EXERCISE INSTRUCTIONS.
Give back exactly the lines from the start of the entries below to the line holding "Hey there, it's", that line included, and leave every picture out.

ENTRIES SHOWN.
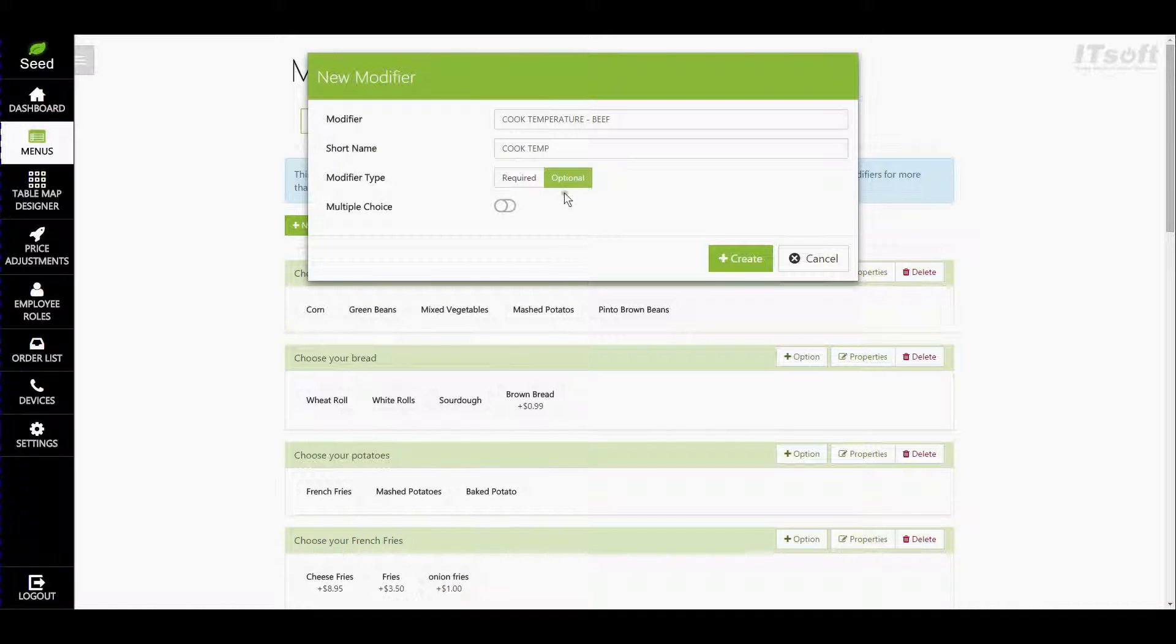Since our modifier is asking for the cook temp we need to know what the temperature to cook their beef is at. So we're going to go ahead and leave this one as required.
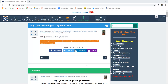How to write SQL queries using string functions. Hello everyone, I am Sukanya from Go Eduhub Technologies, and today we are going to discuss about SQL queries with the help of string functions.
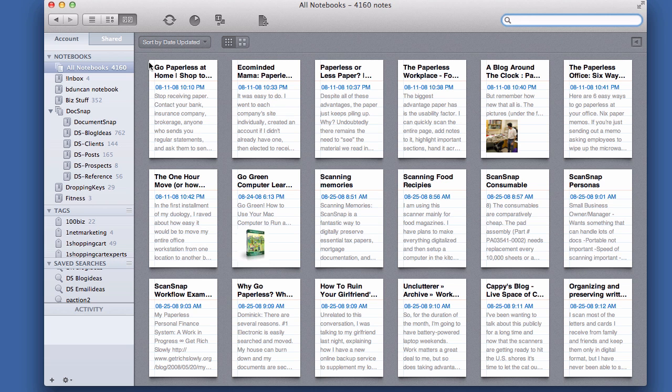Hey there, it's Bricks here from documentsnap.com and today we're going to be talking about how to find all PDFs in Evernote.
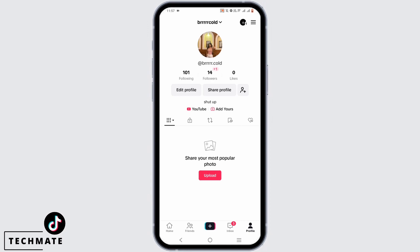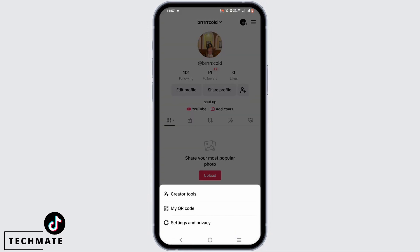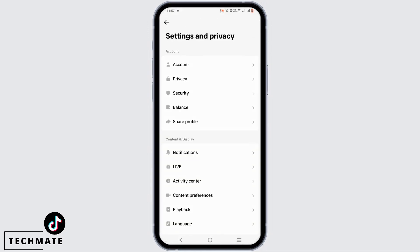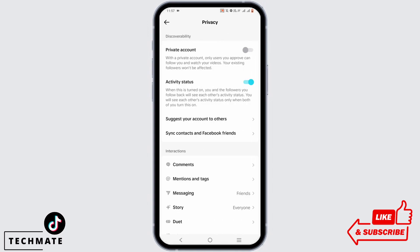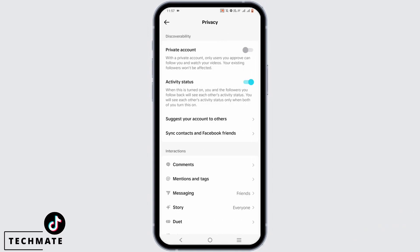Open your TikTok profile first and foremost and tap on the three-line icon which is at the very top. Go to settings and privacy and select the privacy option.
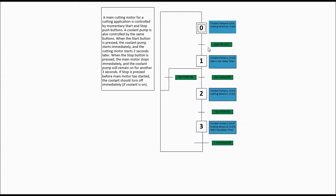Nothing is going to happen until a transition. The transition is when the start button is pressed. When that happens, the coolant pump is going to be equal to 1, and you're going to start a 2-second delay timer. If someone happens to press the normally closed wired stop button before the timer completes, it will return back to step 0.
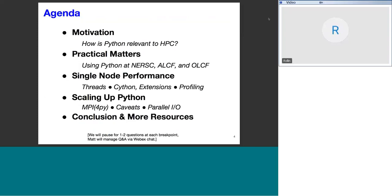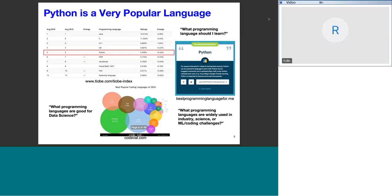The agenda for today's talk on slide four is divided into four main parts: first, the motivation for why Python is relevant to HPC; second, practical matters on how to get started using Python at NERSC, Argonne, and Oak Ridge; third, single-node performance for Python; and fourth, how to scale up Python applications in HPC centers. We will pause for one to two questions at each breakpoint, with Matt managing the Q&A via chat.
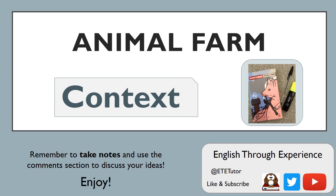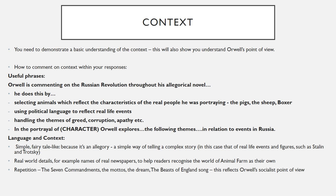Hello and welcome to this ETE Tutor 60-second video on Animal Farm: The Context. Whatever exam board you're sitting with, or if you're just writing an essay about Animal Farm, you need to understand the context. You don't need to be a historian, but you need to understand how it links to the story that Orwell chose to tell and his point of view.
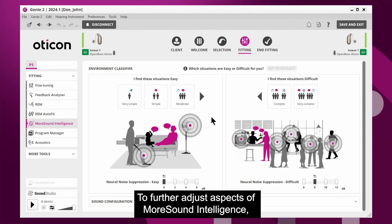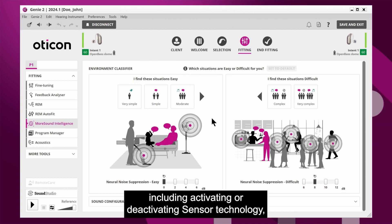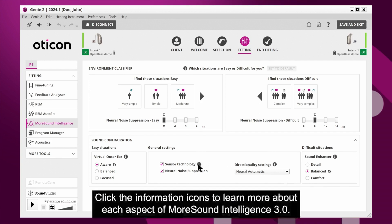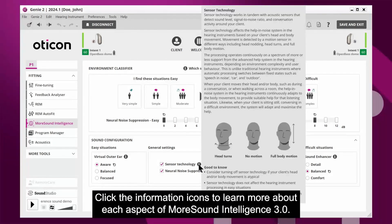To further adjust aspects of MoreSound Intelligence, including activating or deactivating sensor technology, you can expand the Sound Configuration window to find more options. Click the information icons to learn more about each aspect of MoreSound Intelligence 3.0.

FINAL ANSWER.
Since our modifier is asking for the cook temp we need to know what the temperature to cook their beef is at. So we're going to go ahead and leave this one as required.
How to write SQL queries using string functions. Hello everyone, I am Sukanya from Go Eduhub Technologies, and today we are going to discuss about SQL queries with the help of string functions.
Hey there, it's Bricks here from documentsnap.com and today we're going to be talking about how to find all PDFs in Evernote.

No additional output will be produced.